Sputnik 2 burned up on re-entry into Earth's atmosphere on 14th April 1958 after 162 days and 2,570 orbits. The Sputnik 2 flight caused a major public outcry against the use, and killing, of animals in experiments in general and spaceflight in particular.

As one result (although more likely a natural progression), future space flights carrying dogs were designed to be recovered. The only other dogs definitely known to have died during Soviet space missions were Pchyolka and Mushka, when Sputnik 3 was purposely destroyed with explosives to prevent foreign powers examining the capsule when its re-entry trajectory went off target on December 1st 1960.
Sputnik 1

Luna 1 The news of these successes were a surprise and shock to the American public and became an immediate cause of concern for both national pride and, at the heart of the 'cold war', was perceived as a significant defence issue as the R-7 rocket was actually designated as an ICBM capable of delivering nuclear warheads. It prompted a vigorous response from the American government to ensure that the United States did not, technologically, fall behind its Communist rival.

The Race For Space
The Americans joined the 'space race' on January 31st 1958 at 22:48 Eastern Time (February 1st 03:48 UTC) when a Juno LC-26 booster was launched by the U.S. Army from Cape Canaveral carrying the Explorer 1 satellite into orbit as part of U.S. participation in the International Geophysical Year. The 30lb satellite remained in orbit until 1970 and was responsible for discovering the existence of the Van Allen radiation belts.

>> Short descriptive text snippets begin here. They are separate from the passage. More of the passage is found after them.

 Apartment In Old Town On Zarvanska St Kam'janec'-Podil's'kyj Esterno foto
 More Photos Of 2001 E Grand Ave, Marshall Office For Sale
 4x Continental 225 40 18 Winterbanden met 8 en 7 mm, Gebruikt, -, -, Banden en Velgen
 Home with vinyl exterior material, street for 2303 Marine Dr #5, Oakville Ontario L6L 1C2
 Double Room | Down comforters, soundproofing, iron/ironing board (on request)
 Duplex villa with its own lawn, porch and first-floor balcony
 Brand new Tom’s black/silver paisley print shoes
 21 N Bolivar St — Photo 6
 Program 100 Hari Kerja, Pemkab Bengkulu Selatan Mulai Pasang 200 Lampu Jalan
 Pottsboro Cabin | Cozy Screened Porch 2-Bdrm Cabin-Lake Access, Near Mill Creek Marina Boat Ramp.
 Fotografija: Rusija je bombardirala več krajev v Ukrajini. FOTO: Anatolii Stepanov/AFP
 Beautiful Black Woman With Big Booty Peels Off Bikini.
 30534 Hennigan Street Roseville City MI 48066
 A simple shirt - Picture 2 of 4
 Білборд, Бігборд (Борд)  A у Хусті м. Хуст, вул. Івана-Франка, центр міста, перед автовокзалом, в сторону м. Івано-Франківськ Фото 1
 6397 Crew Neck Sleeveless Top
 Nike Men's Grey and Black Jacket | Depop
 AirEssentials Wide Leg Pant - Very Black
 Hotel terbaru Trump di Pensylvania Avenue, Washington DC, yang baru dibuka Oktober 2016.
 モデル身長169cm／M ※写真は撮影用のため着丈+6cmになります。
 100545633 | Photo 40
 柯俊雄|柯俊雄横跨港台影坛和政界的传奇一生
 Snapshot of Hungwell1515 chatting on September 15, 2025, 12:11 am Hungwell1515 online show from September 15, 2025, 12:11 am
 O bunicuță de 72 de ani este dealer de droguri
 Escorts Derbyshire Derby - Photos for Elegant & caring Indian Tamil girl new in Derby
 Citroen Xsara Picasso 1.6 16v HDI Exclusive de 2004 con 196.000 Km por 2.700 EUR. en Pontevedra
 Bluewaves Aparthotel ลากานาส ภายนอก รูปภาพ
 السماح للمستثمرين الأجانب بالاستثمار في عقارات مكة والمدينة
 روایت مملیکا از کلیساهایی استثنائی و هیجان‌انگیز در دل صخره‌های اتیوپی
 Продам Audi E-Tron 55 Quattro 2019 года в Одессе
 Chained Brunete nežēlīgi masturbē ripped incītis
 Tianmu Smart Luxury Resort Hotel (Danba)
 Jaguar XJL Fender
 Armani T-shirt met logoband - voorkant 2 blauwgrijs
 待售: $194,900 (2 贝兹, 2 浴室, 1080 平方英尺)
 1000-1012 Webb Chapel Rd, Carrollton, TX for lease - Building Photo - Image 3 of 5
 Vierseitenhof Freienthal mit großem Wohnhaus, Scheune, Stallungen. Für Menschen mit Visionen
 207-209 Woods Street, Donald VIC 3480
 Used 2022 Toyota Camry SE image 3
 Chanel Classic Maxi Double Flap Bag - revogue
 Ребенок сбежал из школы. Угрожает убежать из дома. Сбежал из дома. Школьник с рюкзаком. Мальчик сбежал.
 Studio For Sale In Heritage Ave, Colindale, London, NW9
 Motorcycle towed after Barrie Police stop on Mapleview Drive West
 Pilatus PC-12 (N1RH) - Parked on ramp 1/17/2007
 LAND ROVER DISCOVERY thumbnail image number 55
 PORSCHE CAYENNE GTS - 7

On October 1st 1958 NASA (National Aeronautics and Space Administration) was created to replace the National Advisory Committee on Aeronautics and remove any obvious direct involvement with the U.S. armed forces. The Project Mercury manned space program, formed under the administration of President Dwight D. Eisenhower, was officially approved on October 7th 1958 and publicly announced on December 17th. Its goal was to put a functional, manned spacecraft into orbit, before the Soviet Union, and retrieve it successfully and safely.

1959 proved to be quite an eventful year for the Soviets, starting with the Luna 1 launch on January 2nd. Intended to hit the moon, it missed and was the first man-made object to achieve solar orbit. Luna 2, launched on September 12th, was more successful and, the following day, became the first man-made object to impact the lunar surface.

October 4th saw the launch of Luna 3 which achieved lunar orbit and gave us the first images of 'the dark side' that always faces away from the Earth.

The Mercury Program
Although NASA originally intended open competition to choose its first astronauts, Eisenhower insisted on existing test pilots. Limited space inside the Mercury capsule restricted a candidates' height to 5ft 11ins and a maximum weight of 180lbs (82 kg). They had to be under 40, holding a bachelor's degree, or equivalent, and have jet flying experience with at least 1,500 hrs flying time logged.

The initial advertisement among military test pilots attracted more than 500 applications, from which NASA selected 110 'possibles' - 5 Marines, 47 Navy and 58 Air Force. The conditions at that time excluded NACA's X-15 test pilot Neil Armstrong as he was a civilian. These were divided into three groups, of which only two groups - sixty-nine men - were subjected to extensive physical stress tests and mental exams, including hours on treadmills and tilt tables, extended submersion of feet in ice water, doses of castor oil and multiple enemas. The final group was never assessed due to the high qualification rate from the first two.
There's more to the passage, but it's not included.